As for the economic determinism that Johnson and many others echo as a parody of Marxism, decades later Engels strongly refuted it:

"According to the materialist conception of history the determining element in history is ultimately the production and reproduction in real life. More than this neither Marx nor I have ever asserted. If therefore somebody twists this into the statement that the economic element is the only determining one, he transforms it into a meaningless, abstract and absurd phrase"
(Letter to Bloch, 1890).

In another letter the same year, Engels wrote:

"If... Barth supposes we deny any and every reaction of the political, etc., reflexes of the economic movement upon the movement itself, he is simply tilting at windmills. ... why do we fight for the political dictatorship of the proletariat if political power is itself impotent? ... What these gentlemen all lack is dialectic. They never see anything but here cause and there effect"
(Letter to Conrad Schmidt, 1890).

Plekhanov too wrote that Marx's historical materialism is based on the fact that:

"If, on the one hand, men are the products of environment, environment itself, on the other hand, is modified by men"
(FUNDAMENTAL PROBLEMS OF MARXISM chap X, 1908).

Marxism and Nature

The fact of real, ongoing, reciprocal interaction between human history and the natural environment, is impossible to deny.
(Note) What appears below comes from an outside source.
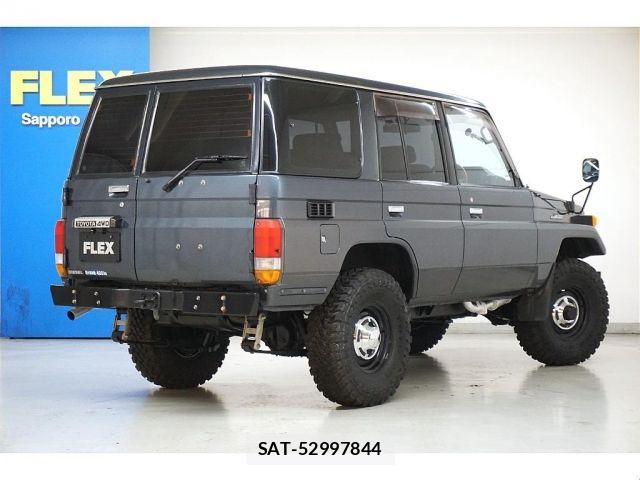 Toyota Land Cruiser 70 1992-01 8880352-2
Centuries before Marx, Walter Raleigh, the Elizabethan explorer and historian, had written: "wee are compounded of earth; and wee inhabit it". And, in 1570 a Dutch contemporary of his, Ortelius, publisher of the world's first atlas, THEATRUM ORBIS TERRARUM, had printed this motto: "Geography is the eye of history".

Now, with the effects of centuries of capitalist industry causing an ecological and climatic catastrophe, that close connection between human history, geography and the natural environment is affecting almost every aspect of our lives, even terrifying capitalists, bankers and governments.

As climate change is clearly the result of industrial pollution, with species extinctions all around us, the relatively new science of ecology also draws on something Marx had argued.

The interconnectedness of the world and the processes of evolutionary change in nature were summed up in our 1975 pamphlet HISTORICAL MATERIALISM:

"Everything is part of an unending world process, no section of which can be isolated except in thought. And even when isolating anything in thought it must still be studied in connection with other things" (pp 41-42).

Summing up Marx's materialist conception of history, we can see it as a method of investigation:

"Thinking is done in a social world that is evolving and about a social world that is evolving; change is also, therefore, one of the elements of thought.

Man's social thought and action is dependent upon the special character of the environment in which he lives. He can act upon and modify this environment, but only in accordance with the elements contained within it
"(ibid., p49).

We as members of the working class are fully aware of how the current capitalist system, itself a product of social evolution, can be changed, can be overthrown, can be replaced. One element is lacking: a world majority of workers sharing that consciousness, and uniting politically to make that revolutionary change.

Only with such a democratic movement can we "modify" this class system, can we end this system of production for profit. And in doing that, in creating a social system based on the common ownership and democratic control of all means of production and distribution, we would surely be able to put a stop to the pollution and raping of Mother Earth.